Permian Resources Corporation (PR)
Interest coverage
Dec 31, 2023 | Dec 31, 2022 | Dec 31, 2021 | Dec 31, 2020 | Dec 31, 2019 | ||
---|---|---|---|---|---|---|
Earnings before interest and tax (EBIT) | US$ in thousands | 809,460 | 730,974 | 200,032 | -698,769 | 77,586 |
Interest expense | US$ in thousands | 177,209 | 95,645 | 61,288 | 69,192 | 55,991 |
Interest coverage | 4.57 | 7.64 | 3.26 | -10.10 | 1.39 |
December 31, 2023 calculation
Interest coverage = EBIT ÷ Interest expense
= $809,460K ÷ $177,209K
= 4.57
Permian Resources Corp's interest coverage ratio has exhibited fluctuations over the past five years. In 2023, the interest coverage ratio stood at 6.93, indicating that the company generated sufficient operating income to cover its interest expenses.

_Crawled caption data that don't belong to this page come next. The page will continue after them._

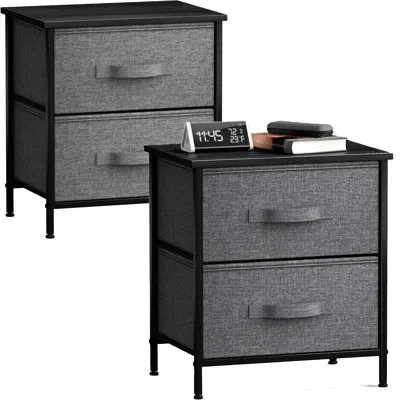 Sorbus Modern Nightstand With 2 Drawers - Set Of 2, Black - Bedside Furniture End Table Night Stand With St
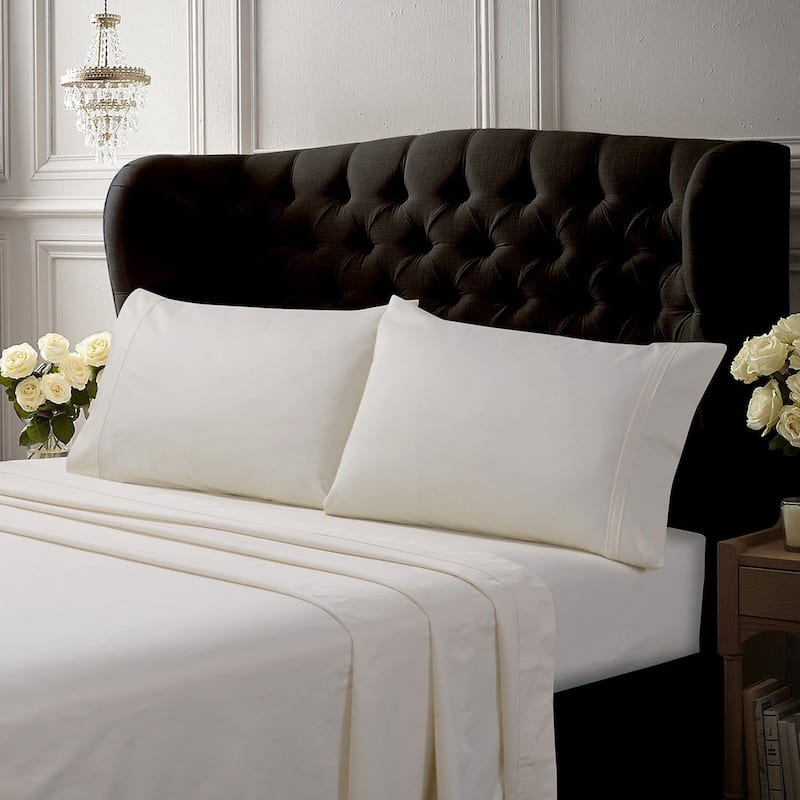 Egyptian Cotton 500 TC Extra Deep Pocket 6-Piece Bed Sheet Set - Queen - Ivory
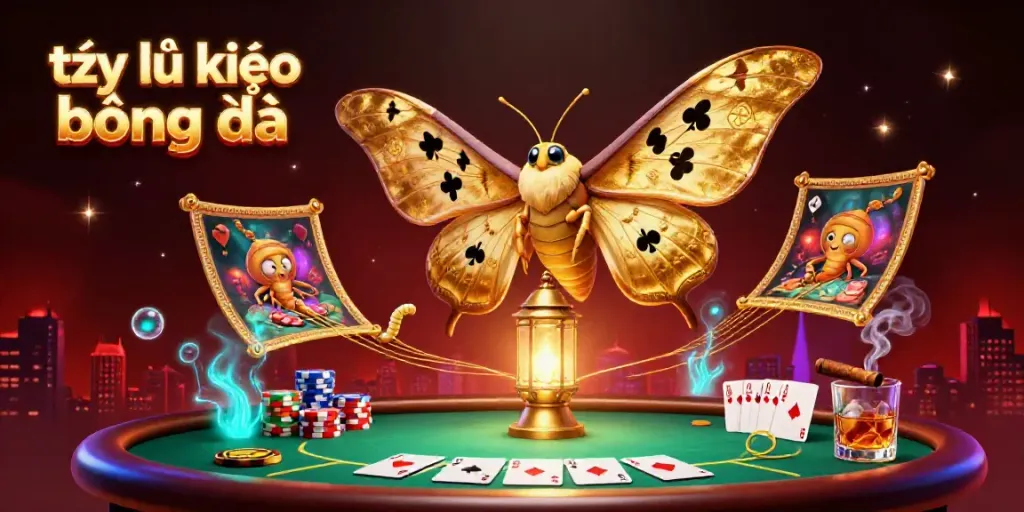 Engage with tỷ lệ kèo bóng đá in this vibrant 3D casino scene filled with poker and moth elements.
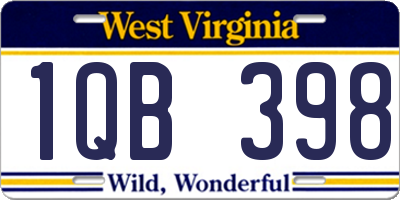 WV license plate 1QB398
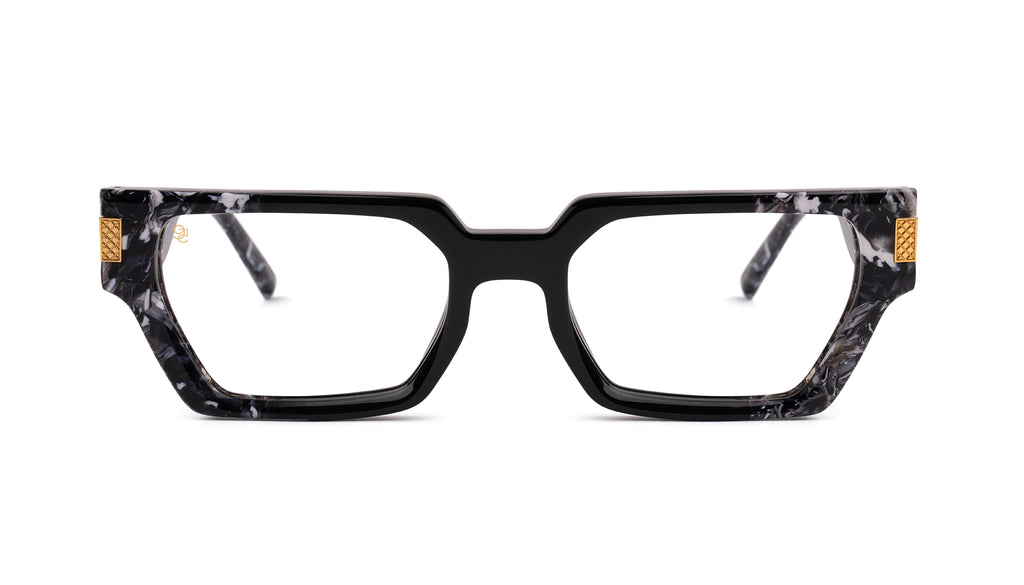 9FIVE Locks Black & White Onyx Clear Lens Glasses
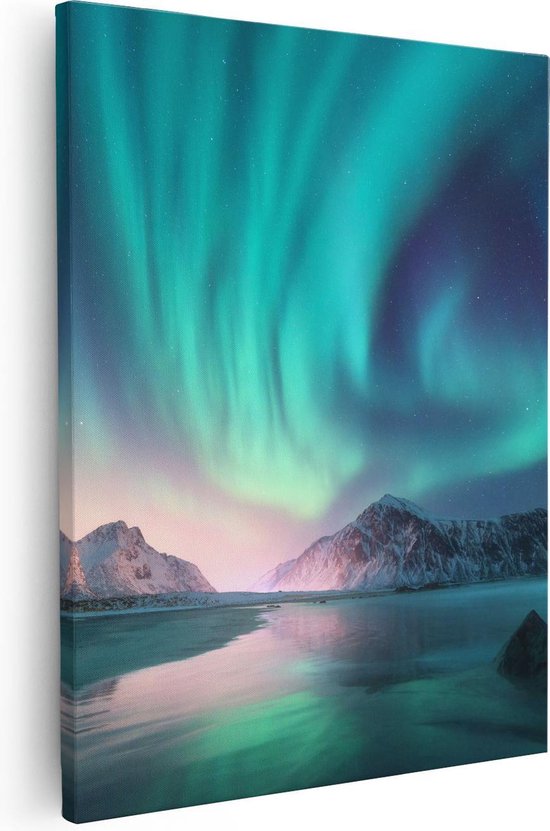 Artaza - Canvas Schilderij - Groene Noorderlicht in Noorwegen - 80x100 - Groot - Foto Op Canvas - Canvas Print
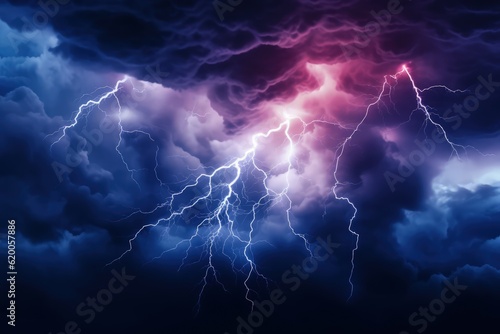 Fototapeta Lightning and stormy grey clouds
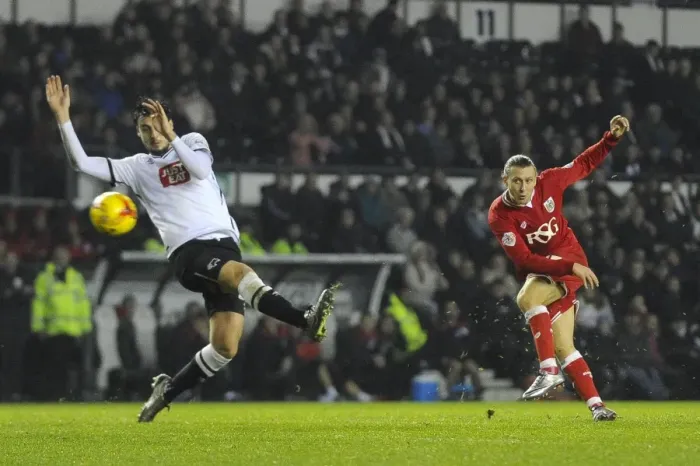 Framed Print : Bristol City's Luke Freeman Aims for the Net in Derby County Showdown Framed Print : Bristol City's Luke Freeman Aims for the Net in Derby County Showdown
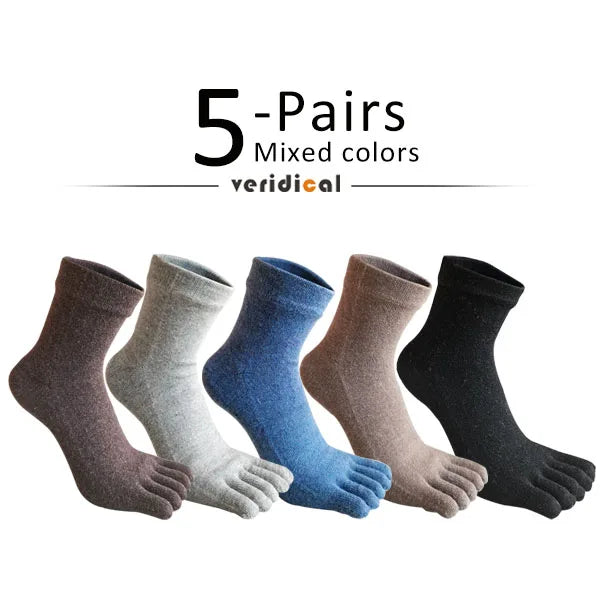 1/5 Pairs Wool Toe Short Socks Winter Man Soft Elastic Endurable Business Sweat-Absorbing Thick Thermal Warm 5 Finger Socks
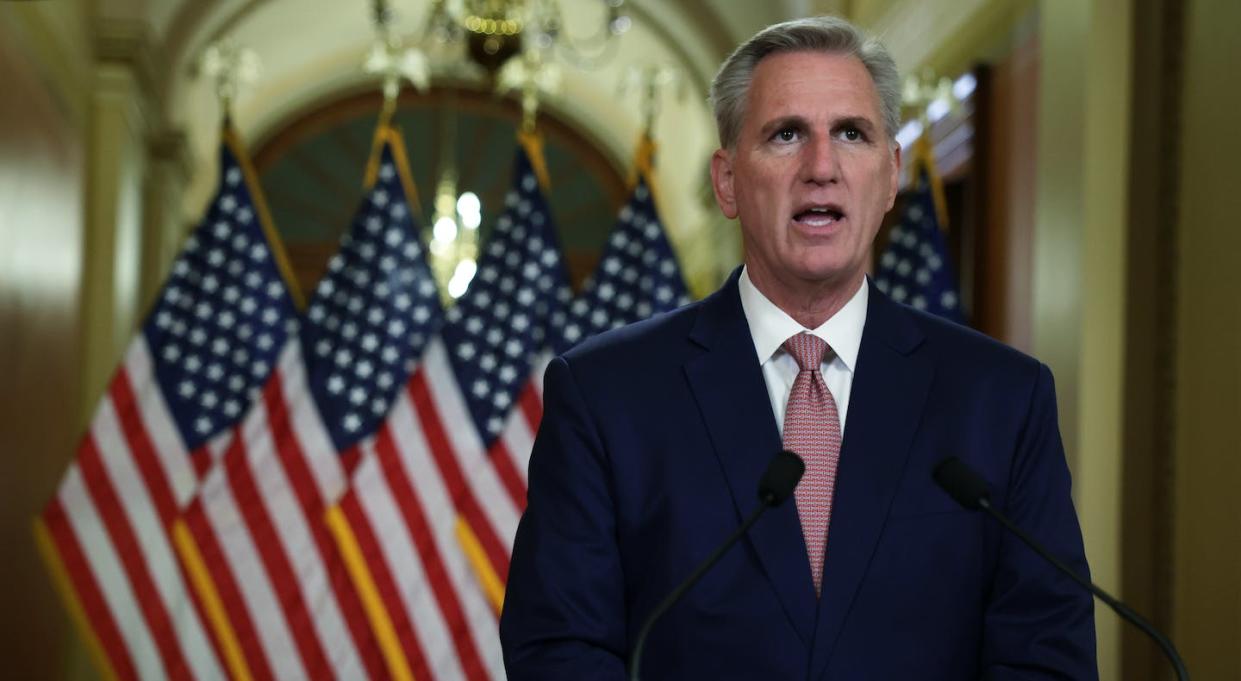 Speaker Kevin McCarthy got the House to approve a package that could reduce the Medicaid program's scale. <a href="https://www.gettyimages.com/detail/news-photo/house-speaker-kevin-mccarthy-speaks-about-the-countrys-debt-news-photo/1463574682" rel="nofollow noopener" target="_blank" data-ylk="slk:Alex Wong/Getty Images;elm:context_link;itc:0;sec:content-canvas" class="link ">Alex Wong/Getty Images</a>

This figure represents a decrease from the ratio of 11.40 in 2022, suggesting a potential weakening of the company's ability to cover interest expenses in the most recent year.
The significant drop in interest coverage in 2020, with a ratio of -1.29, raises concerns as it indicates that the company's operating income was insufficient to cover its interest payments during that period. However, Permian Resources Corp managed to improve its interest coverage in the following years, reaching a ratio of 5.92 in 2021 and 2.28 in 2019.
It is crucial for investors and stakeholders to closely monitor Permian Resources Corp's interest coverage ratio as it provides insight into the company's ability to meet its debt obligations. The recent decline in the ratio suggests a potential increase in financial risk, highlighting the importance of implementing strategies to improve profitability and ensure sustainable interest coverage in the future.